Tomorrow in New York, 2 inches of chocolate-brown recording tape will be cut off a decades-old
reel. And a rock 'n' roll artifact will be turned into a collectible.
The reel will eventually produce hundreds, maybe thousands of 2-inch segments,
which will be placed in Lucite holders that will help preserve them. The holders will
then be mounted on plaques, which will be sold for $495 each.
Michael Esposito, president of Master Tape Collection, the Bloomfield-based company
that owns the tape and will market the plaques through its Web site (www.elvismastertape.com),
claims it's an original tape of 10 Elvis Presley performances from the landmark 1954-55 "Sun
Sessions." Most significantly, the reel contains "That's All Right," Presley's feverish
version of Arthur Crudup's blues song became his first hit, and set the rock 'n'
roll revolution in motion.
This project has been officially licensed by Elvis Presley Enterprises, which manages
The King's estate. But its validity is also being questioned.
"We possess the original tape, and beyond that we can't comment," said a spokesperson
for RCA Records.
Presley expert Ernst Mikael Jorgensen also said RCA has, on a number
of different reels, the original masters for all the MTC songs (including "Mystery
Train," "Trying To Get To You" and "Blue Moon of Kentucky").
RCA bought them from Sam Phillips -- who owned Presley's first record company, Sun -
in 1955. And they have been in RCA's possession since then, said Jorgensen, an RCA
consultant who has worked as a producer, mixer and liner-note writer on dozens of
Presley reissues and compilations, including 1999's "Sunrise" (a collection of Presley
recordings from 1953-55), 2002's "Elvis: 30 #1 Hits" and last year's "2nd To None."
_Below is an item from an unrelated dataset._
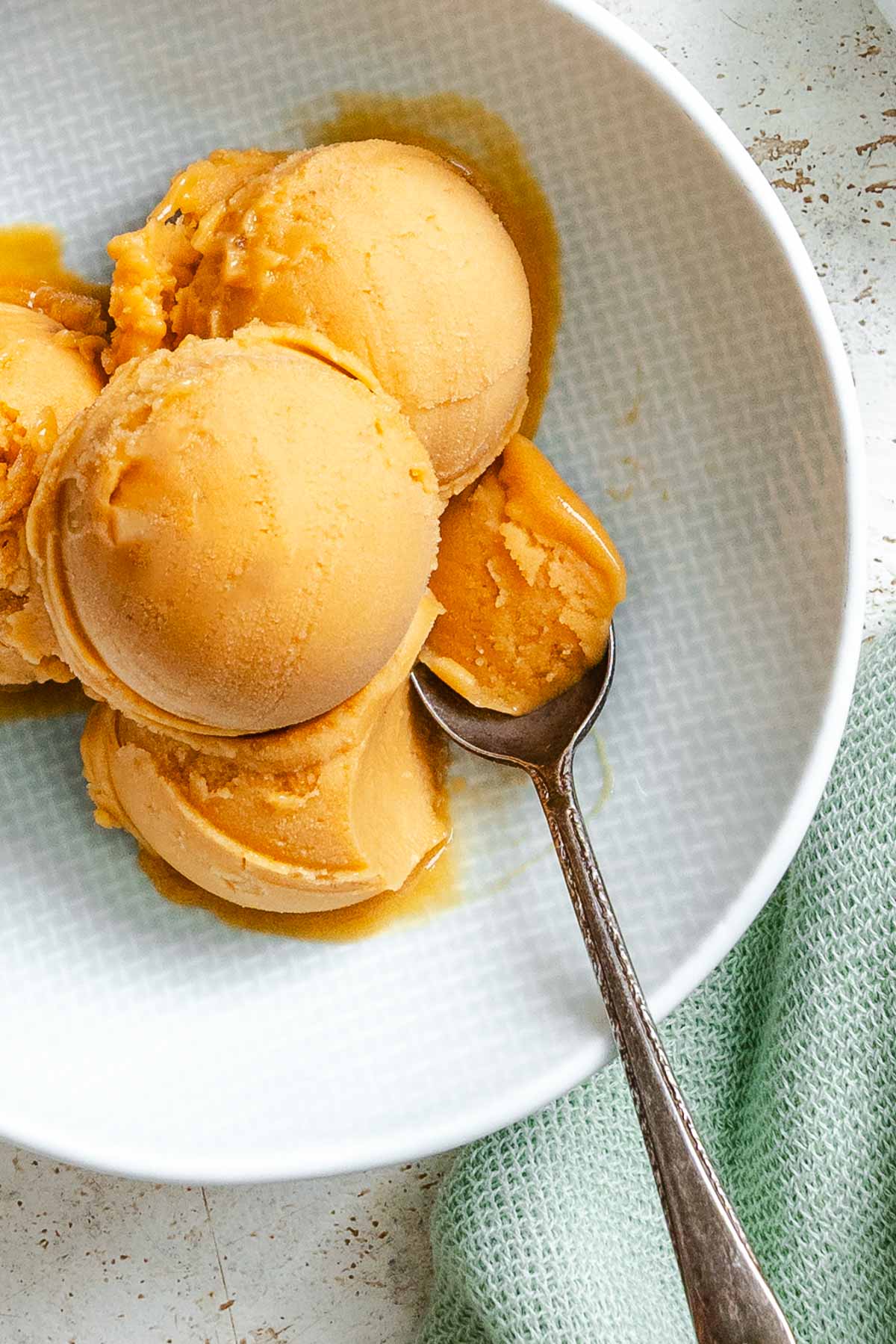 Completed Ninja Creami Peach Sorbet (Fresh or Canned) in a bowl.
In a phone interview from his office in Denmark, Jorgensen said he didn't doubt
MTC has "something that contains outtakes and possibly masters of Elvis' Sun
recordings. But if I find a tape recorder and run a tape for you, you will
also have outtakes and masters from Sun. So it is our thinking that what they
have is a copy, but we can in no way prove that's the case, since we don't have the tape."
For this kind of project, the importance of authenticity cannot be overstated.
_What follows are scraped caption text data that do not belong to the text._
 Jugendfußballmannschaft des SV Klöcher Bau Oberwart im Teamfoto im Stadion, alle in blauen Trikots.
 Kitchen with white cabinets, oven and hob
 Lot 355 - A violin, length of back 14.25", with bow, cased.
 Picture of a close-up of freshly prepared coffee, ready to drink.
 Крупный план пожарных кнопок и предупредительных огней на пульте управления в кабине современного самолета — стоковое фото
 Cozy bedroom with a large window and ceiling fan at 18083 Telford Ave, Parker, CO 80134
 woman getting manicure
For the plaques to justify the $495 price tag, there has to be no question the
tape segments were in the studio with Presley, capturing history as it was being made.
Esposito hired Tony Bongiovi (the founder of the New York recording studio The Power
Station, the producer of albums by artists including The Ramones and Aerosmith, and
a cousin of Jon Bon Jovi) to examine the tape. Esposito also contacted Jorgensen,
who sent him copies of what RCA had in its vaults.
Working with two other audio experts, Bongiovi compared the two sets of recordings.
They came to the conclusion that while MTC had no performances RCA didn't have, it had
rawer versions of the songs -- i.e., the songs before reverb and other effects had been
added. There was also the kind of between-song banter that is often heard on an original
tape. They concluded the tape was, therefore, the original.
Jorgensen is unswayed by their report.
"There is no reverb on our tapes other than what Sam used in the actual recording
session - he had a device to do that," he said. "And there is certainly talk in
between (songs) on the tapes that we have. In (MTC's) conversations with me, they
have never been able to describe an element that I don't recognize on our original tapes."
Even Esposito admits there is a chance his tape could be a copy.
"It's possible, but not highly probable," he said. "You have to keep in mind that
this was Elvis Presley, pre-Elvis Presley. It was 1954. He didn't have a hit. He
didn't know what he was about to see happen with 'That's All Right,' where it shot
up on the Memphis charts to No. 3 in three or four weeks.
"We've asked the question of studio owners: Would they have off-handedly made five or
six copies of this? No. The cost of the tapes was too expensive."
Pete Davidson, senior licensing manager at Elvis Presley Enterprises, said he believes
Bongiovi's analysis was "very thorough." As a licensee, MTC can use Presley's name and
photo on its plaques. Elvis Presley Enterprises will receive an undisclosed amount of
money, as well as the first plaque that is made.
Davidson said he had only a "very limited conversation" with Jorgensen about the tape.
It's possible, of course, that Phillips was running a second tape recorder at the
original sessions, maybe to back up his main machine. But that is unlikely. Phillips,
who died last year, was far from rich at the time, and tape - as Esposito argued - was
Esposito said he was not able to show Phillips the tape before the legendary producer died,
but did talk to him several times.
"I explained in great detail what the physical properties of the tape were, what it looked
like, what songs were on it and so on," he said. "Sam had a lot of good questions about the
tape. Specifically, 'Give me the color of the tape,' that was one of his first tests.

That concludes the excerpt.